Exercise objective:
Apart from the pictures, reproduce the data below exactly as it stands.

Data segment:
+ + +
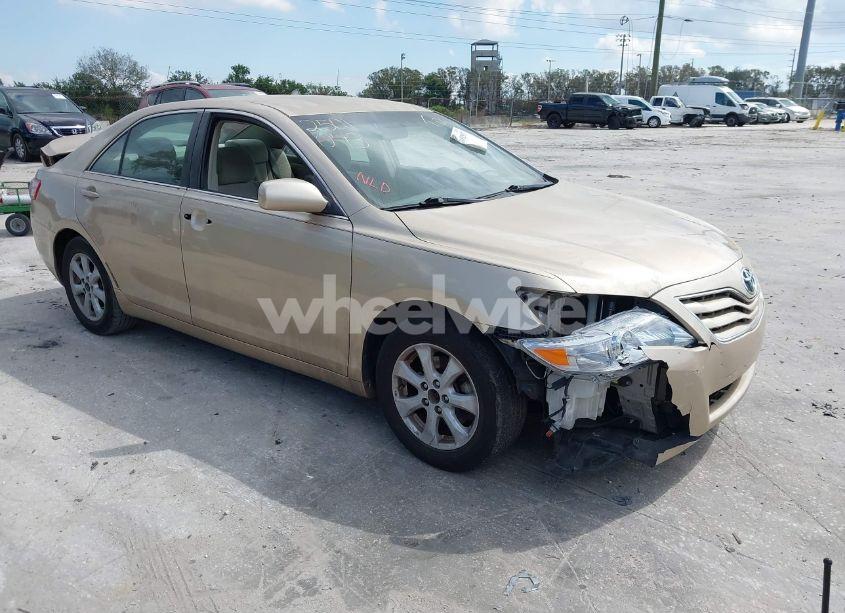 2011 Toyota Camry LE (VIN 4T1BF3EK9BU228511) main photo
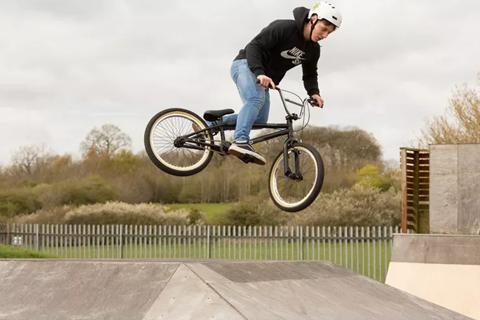 BMX in skate park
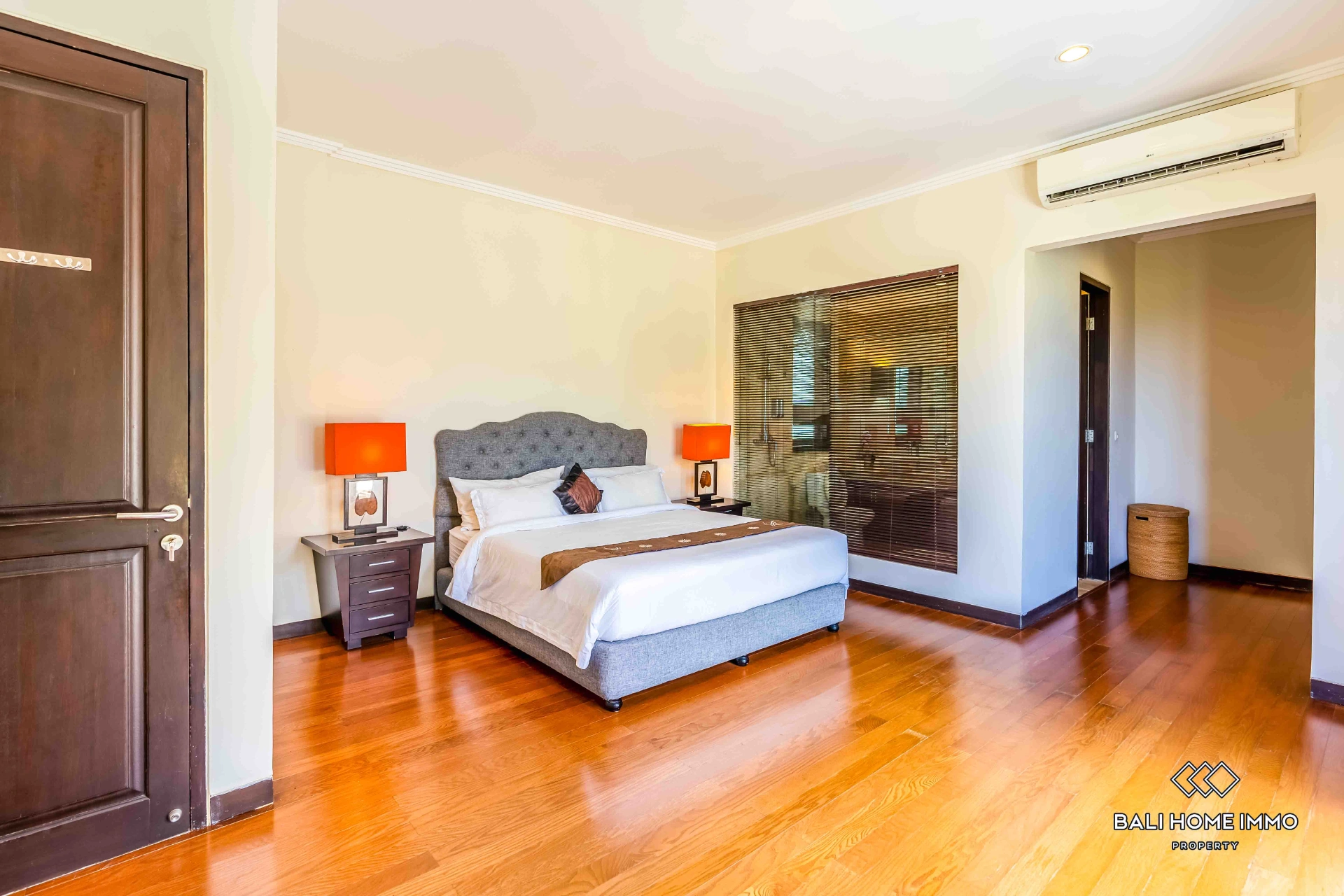 Stunning Ocean View 5 Bedrooms Villa for Rent & Sale in Ungasan, 5-bed villa for rent in Uluwatu – photo 10 of 14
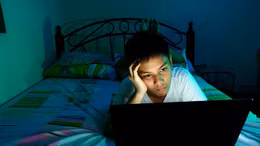 Nguy cơ từ xu hướng tự chẩn đoán bệnh tâm thần qua Internet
+ + +
Written solution:
 2011 Toyota Camry LE (VIN 4T1BF3EK9BU228511) main photo
 BMX in skate park
 Stunning Ocean View 5 Bedrooms Villa for Rent & Sale in Ungasan, 5-bed villa for rent in Uluwatu – photo 10 of 14
 Nguy cơ từ xu hướng tự chẩn đoán bệnh tâm thần qua Internet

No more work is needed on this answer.